Work item: Please set down, with no changes, every line of the material below from the one containing "Combo 2 Hộp" through the end. Skip the pictures.

Given records:

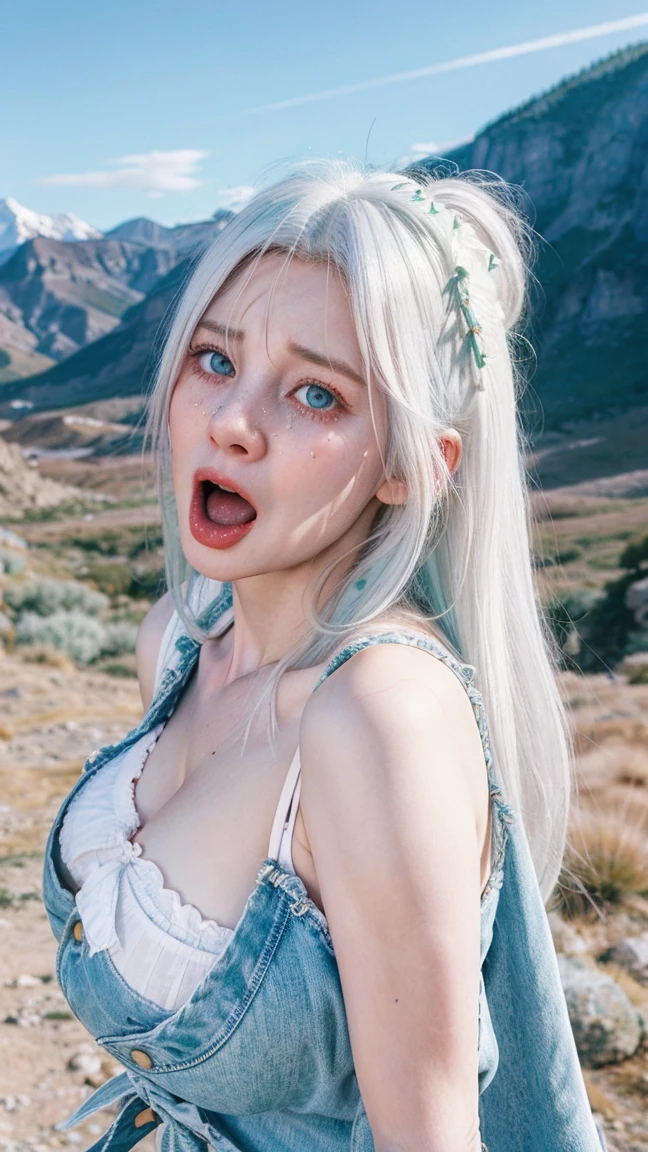 Beautiful Girl, Beautiful, Baby Face, 30 Years Old, White Skin, Big Breasts, ((Coatumes)), Pastel Colors, Green Eyes, Mountain valley background, Masterpiece, ((White hair)), Sleeveless, Front Fancing, ( (Portrait:1.1 )), ((Tear:1.2)), 2 open shirt buttons, v-shaped chest. ((cowboy shot from behind)), ((she Screaming loudly in fear)).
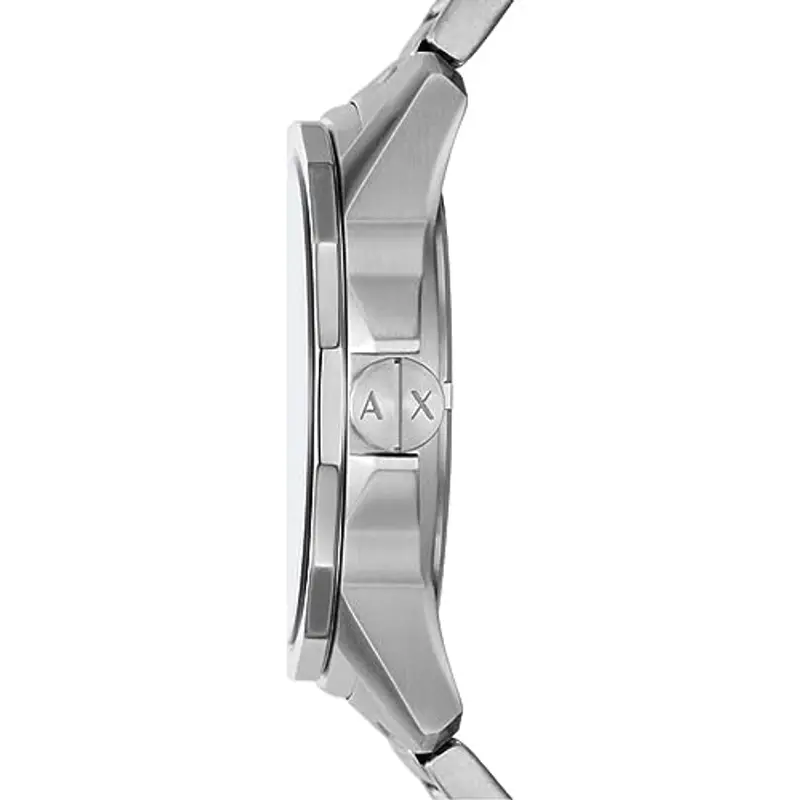 Armani Exchange Orologio per uomo, Movimento al quarzo multifunzione e cassa da 44 mm con cinturino in acciaio, Tono argento e grunge miniatura 3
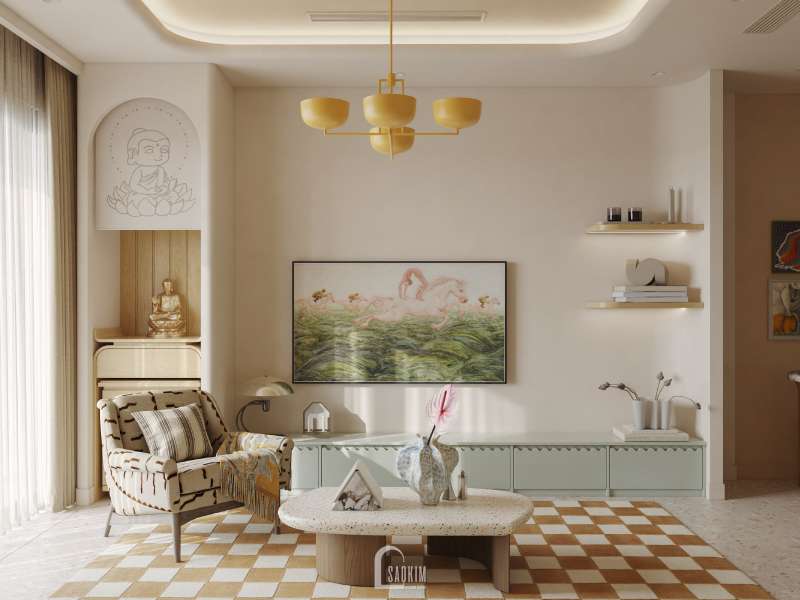 Thiết kế nội thất phòng khách chung cư 3 ngủ phong cách Modern Eclectic Vintage - Nơi vẻ đẹp hoài niệm gặp gỡ nhịp sống đương đại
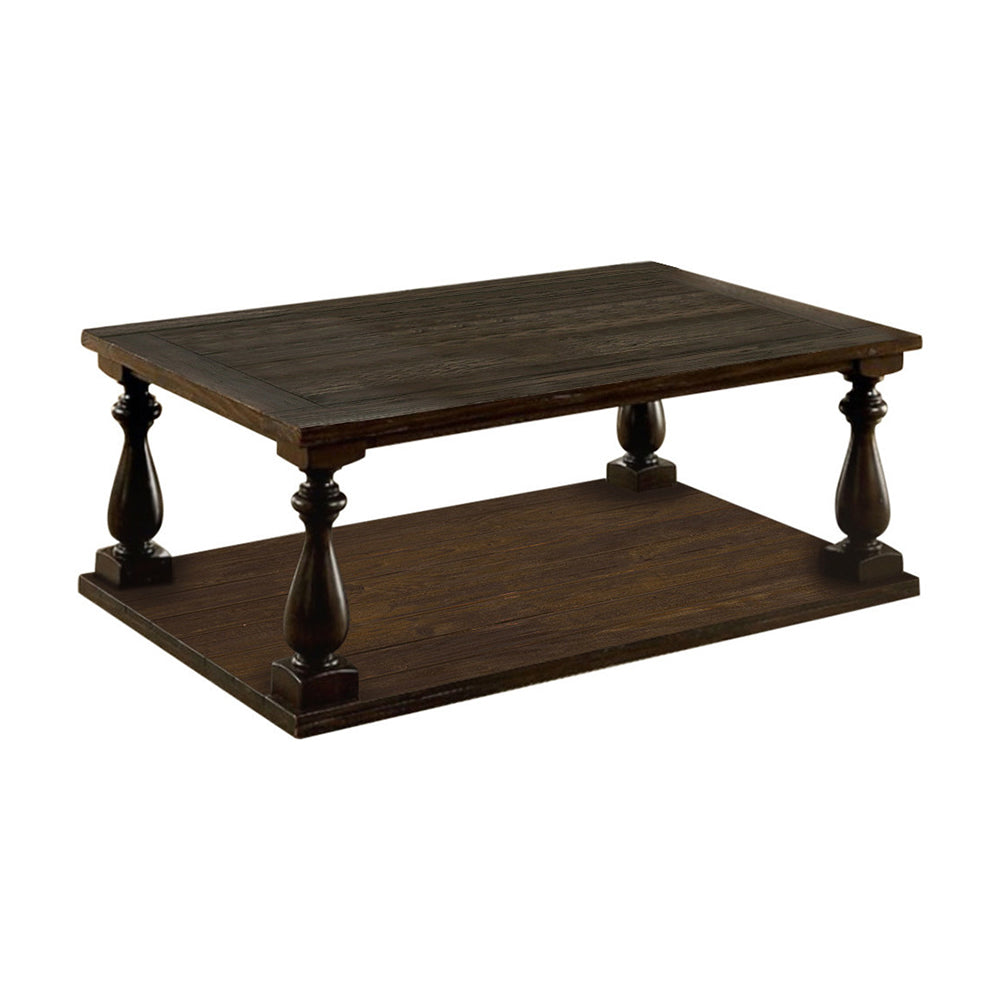 Wooden Coffee Table With Open Bottom Shelf, Dark Walnut Brown By Benzara | Console Tables | Modishstore - 2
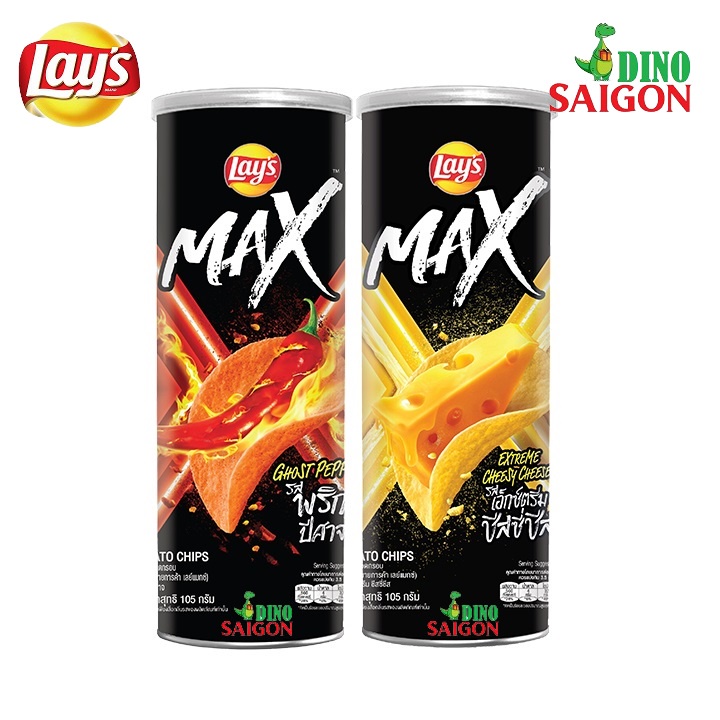 Combo 2 Hộp Bánh snack Khoai tây miếng Lay's Max Thái 105g Mix 2 Vị Ớt cay bùng nổ và Phô mai tan chảy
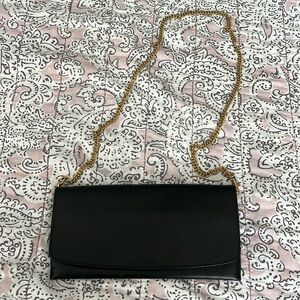NWOT Banana Republic Black Leather Crossbody Clutch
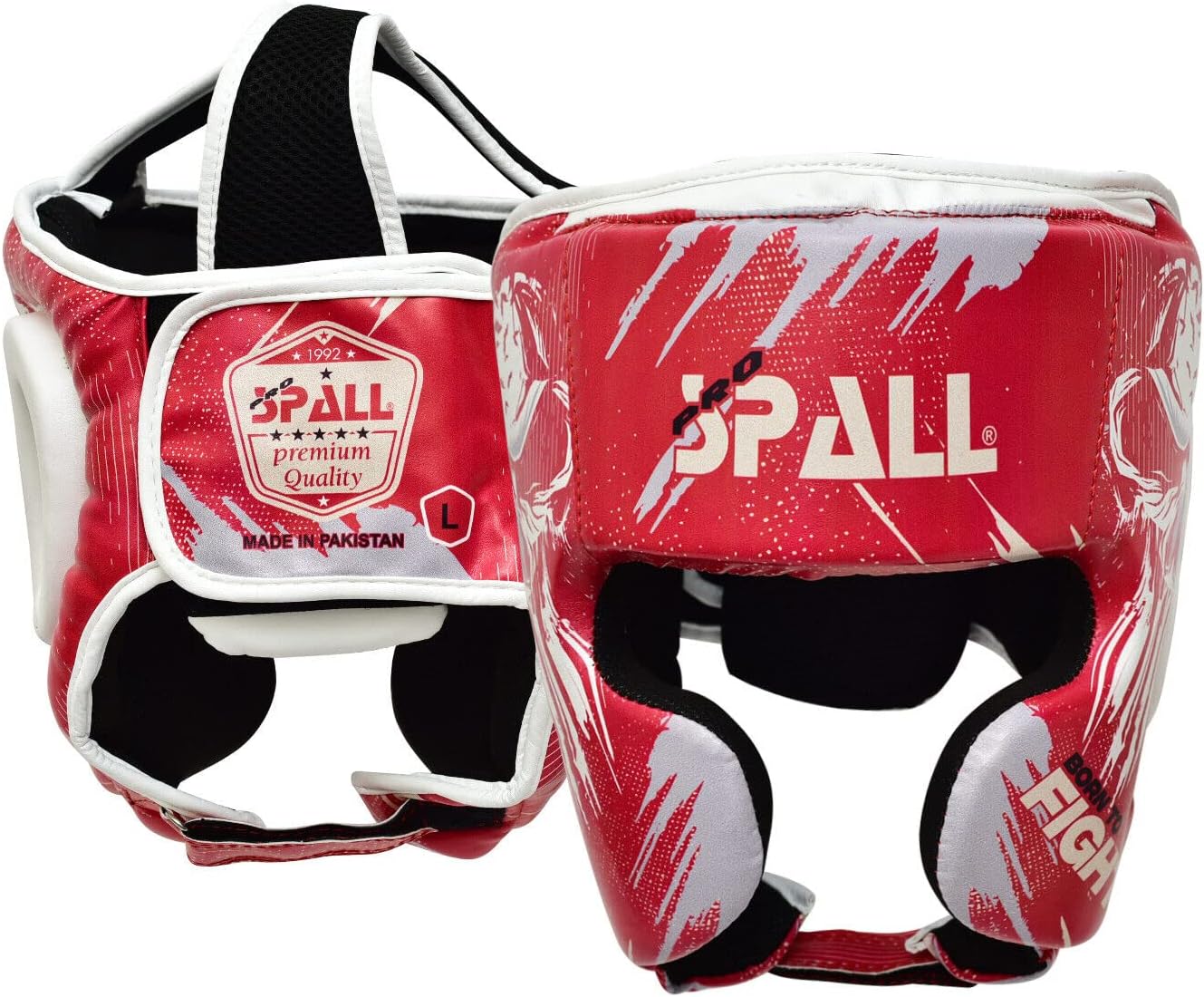 Spall Pro Born to Fight Boxing Headgear, Sparring Helmet for Fighting Sports Karate Boxing Martial Arts MMA and Taekwondo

Solution for this task:
 Combo 2 Hộp Bánh snack Khoai tây miếng Lay's Max Thái 105g Mix 2 Vị Ớt cay bùng nổ và Phô mai tan chảy
NWOT Banana Republic Black Leather Crossbody Clutch
 Spall Pro Born to Fight Boxing Headgear, Sparring Helmet for Fighting Sports Karate Boxing Martial Arts MMA and Taekwondo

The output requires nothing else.